Exercise description = Write the records below out again word for word, with the pictures removed.

Dataset =
==================================================

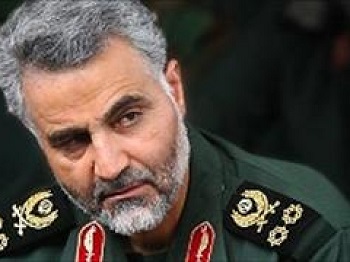 General Kasım Süleymani: Suriye'yi Sonuna Kadar Savunacağız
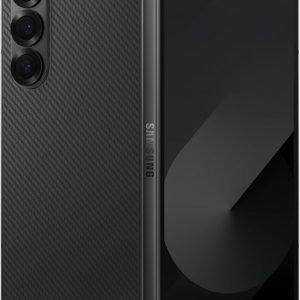 Samsung Galaxy Z Fold 6 5G US Version, 512GB, Crafted Black - Unlocked (Renewed)
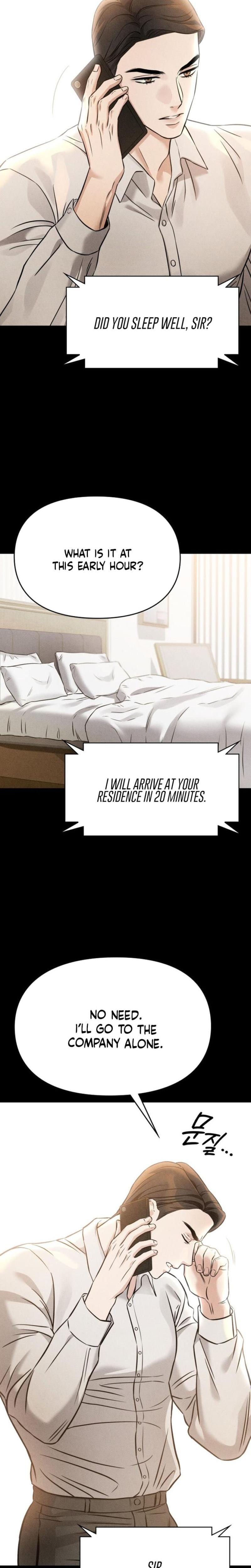 Nighttime Friend (Uncensored), chapter 2, page 24 of 51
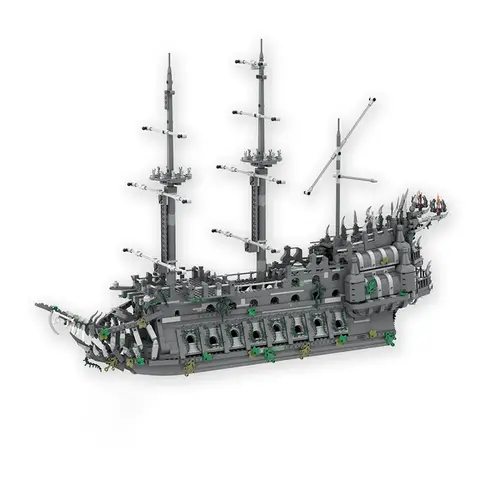 10 best sales Flygande holländaren - №6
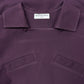 SS2014 Balenciaga by Nicholas Ghesquiere Collared ‘Football’ Shirt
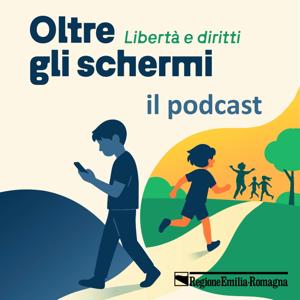 Oltre gli schermi - il podcast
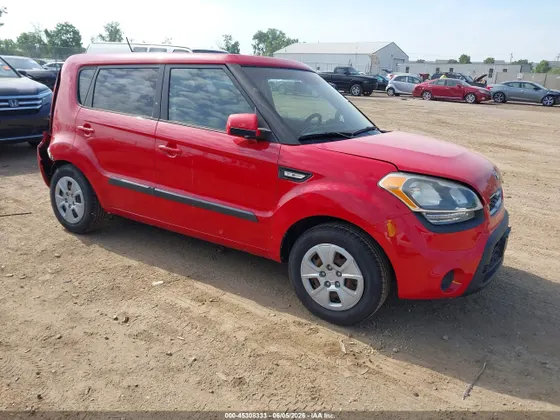 2013 Kia Soul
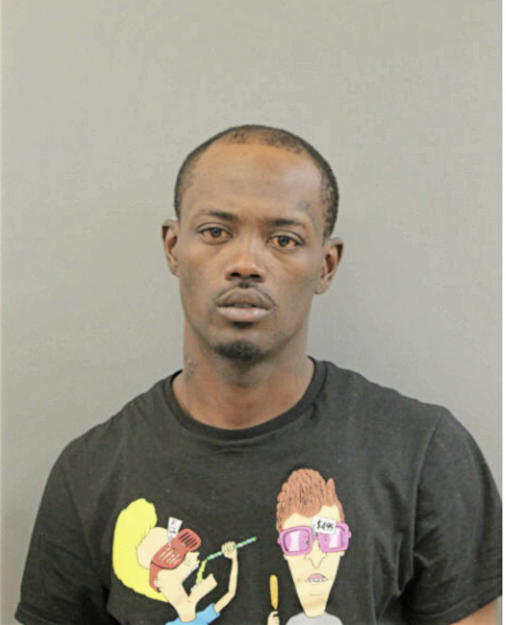 ANTHONY GREENWOOD, Cook County, Illinois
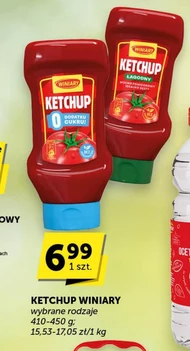 Ketchup Winiary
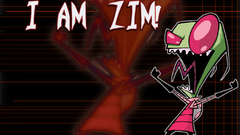 Invader Zim Zim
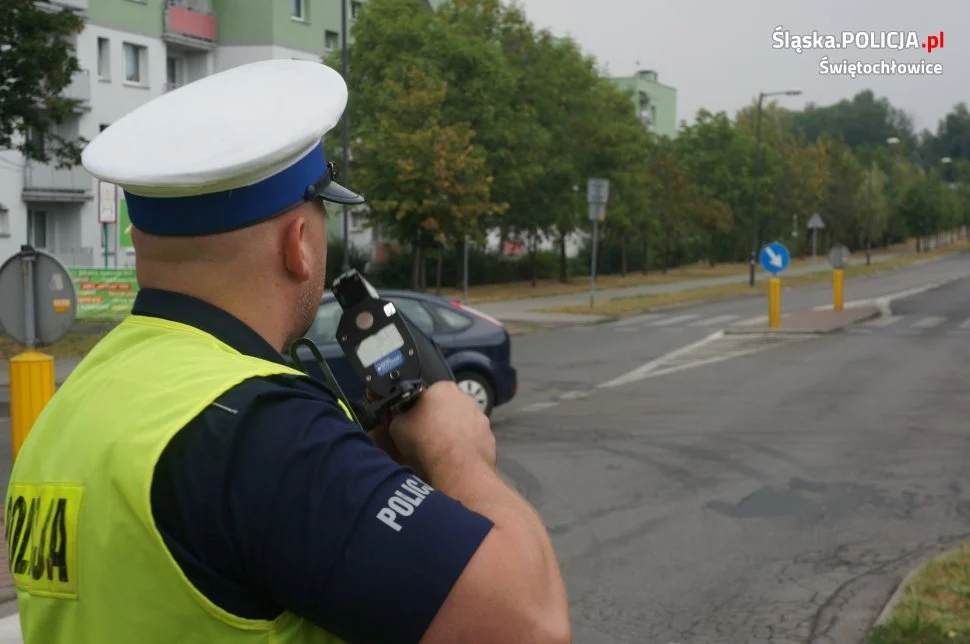 Drogówka podsumowała działania "Prędkość"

==================================================

Result below =
 General Kasım Süleymani: Suriye'yi Sonuna Kadar Savunacağız
 Samsung Galaxy Z Fold 6 5G US Version, 512GB, Crafted Black - Unlocked (Renewed)
 Nighttime Friend (Uncensored), chapter 2, page 24 of 51
 10 best sales Flygande holländaren - №6
 SS2014 Balenciaga by Nicholas Ghesquiere Collared ‘Football’ Shirt
 Oltre gli schermi - il podcast
 2013 Kia Soul
 ANTHONY GREENWOOD, Cook County, Illinois
 Ketchup Winiary
 Invader Zim Zim
 Drogówka podsumowała działania "Prędkość"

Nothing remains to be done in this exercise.